[Start of Attachment]

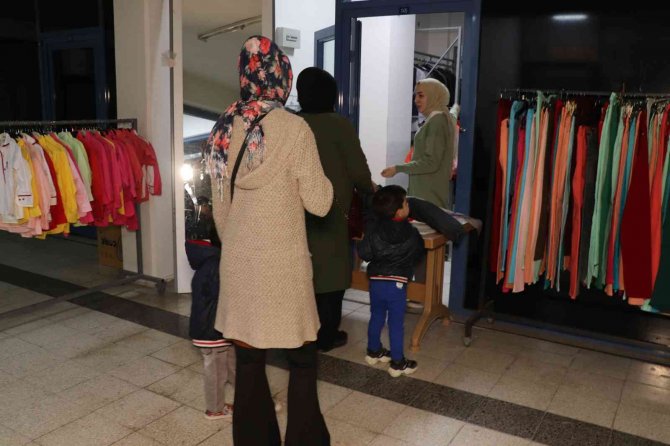 2 Bin Aileye Bot Ve Mont Desteği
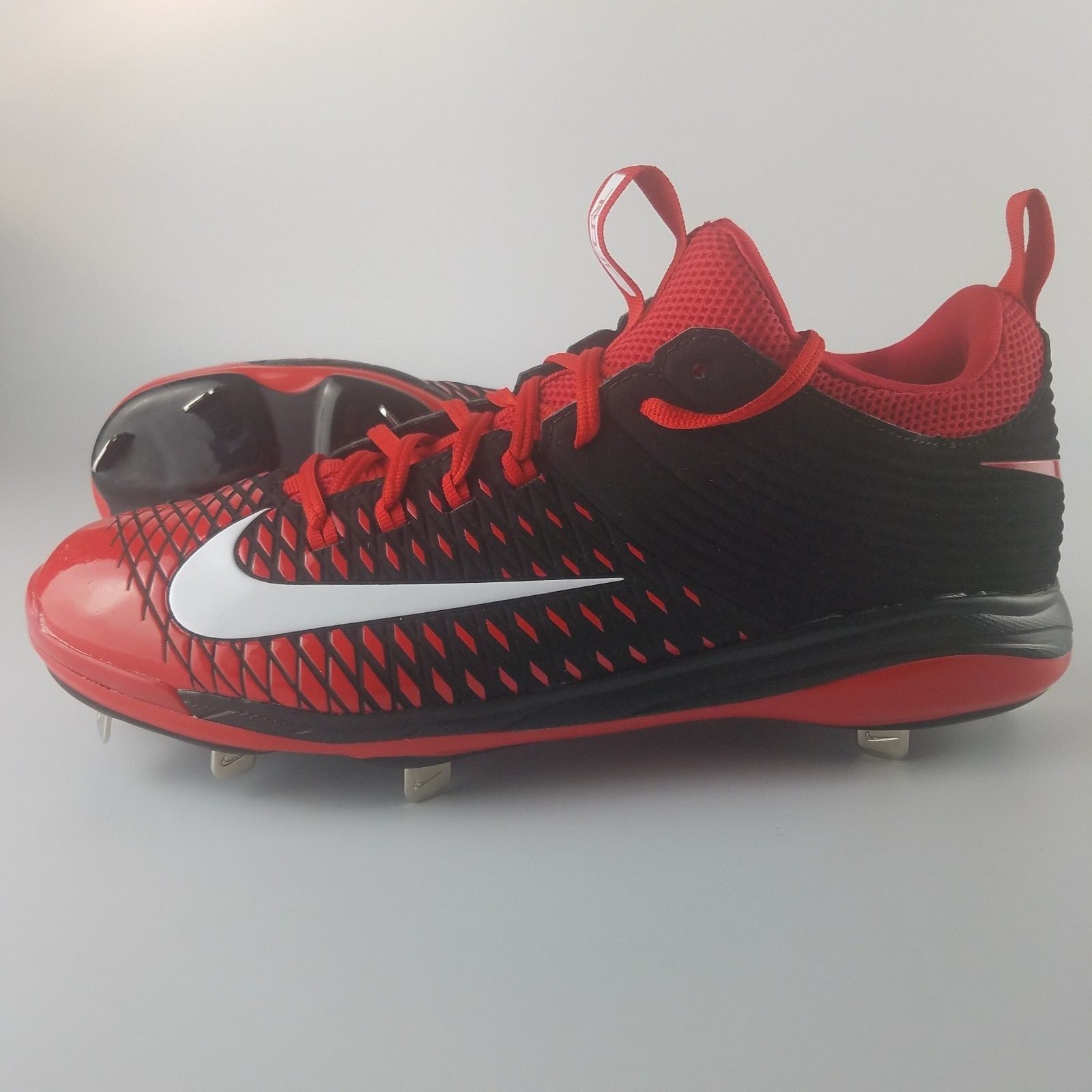 mike trout spikes 2019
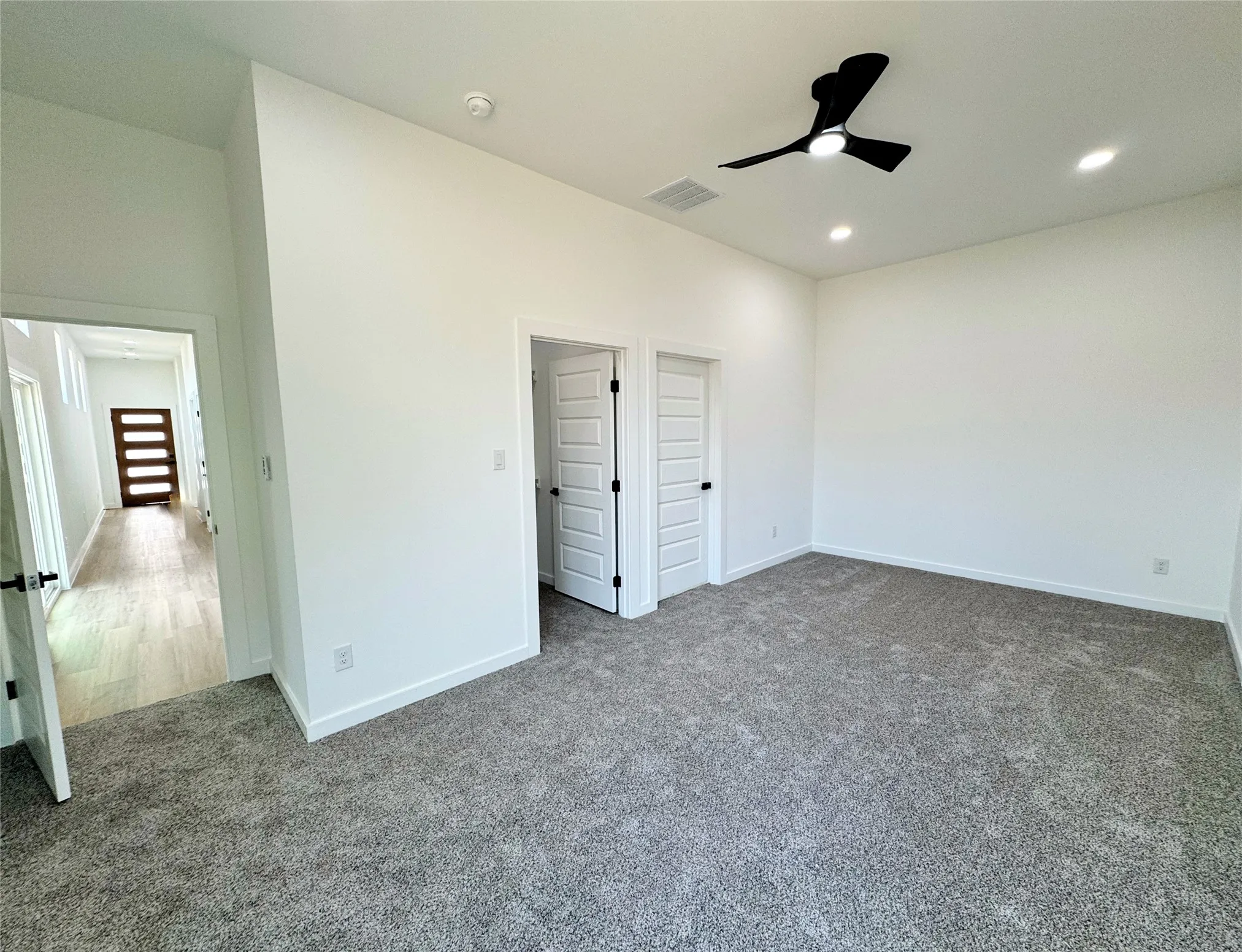 Single Family Residence For Sale in Hunt County , 3302 Silver Street, Greenville, Texas 75401, 3 Bedroom, 2 Bathroom, Garage spaces, 1,216 Sqft, built in 2026, New Construction - Complete, mls#21195759, Real Estate Agent in Greenville, Homes For Sale in Hunt county, Homes For Sale in Greenville, Realtor in Greenville Texas, Real Estate Brokerage Independent Realty Texas, Luminita Cordes Realtor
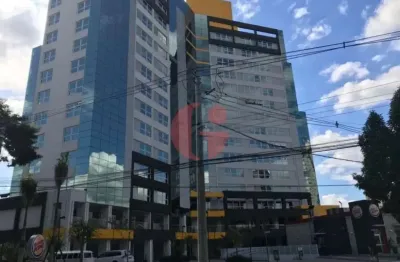 Sala comercial à venda com 35,37 m² e com 01 banheiro- no bairro centro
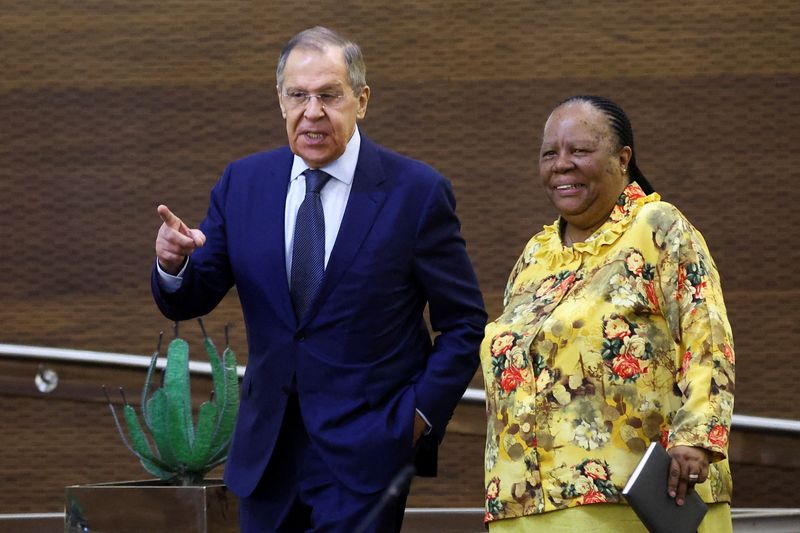 © Reuters. FILE PHOTO: South Africa's Foreign Minister Naledi Pandor and Russia's Foreign Minister Sergei Lavrov speak ahead of a bilateral meeting, in Pretoria, South Africa, January 23, 2023. REUTERS/Siphiwe Sibeko/File Photo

[End of Attachment]

• **EXERCISE DIRECTIONS**
Please reproduce, exactly and only, the lines from the line containing "mike trout spikes 2019" through the last line of the material above, minus any pictures.

• **SOLUTION TO THIS TASK**
 mike trout spikes 2019
 Single Family Residence For Sale in Hunt County , 3302 Silver Street, Greenville, Texas 75401, 3 Bedroom, 2 Bathroom, Garage spaces, 1,216 Sqft, built in 2026, New Construction - Complete, mls#21195759, Real Estate Agent in Greenville, Homes For Sale in Hunt county, Homes For Sale in Greenville, Realtor in Greenville Texas, Real Estate Brokerage Independent Realty Texas, Luminita Cordes Realtor
 Sala comercial à venda com 35,37 m² e com 01 banheiro- no bairro centro
 © Reuters. FILE PHOTO: South Africa's Foreign Minister Naledi Pandor and Russia's Foreign Minister Sergei Lavrov speak ahead of a bilateral meeting, in Pretoria, South Africa, January 23, 2023. REUTERS/Siphiwe Sibeko/File Photo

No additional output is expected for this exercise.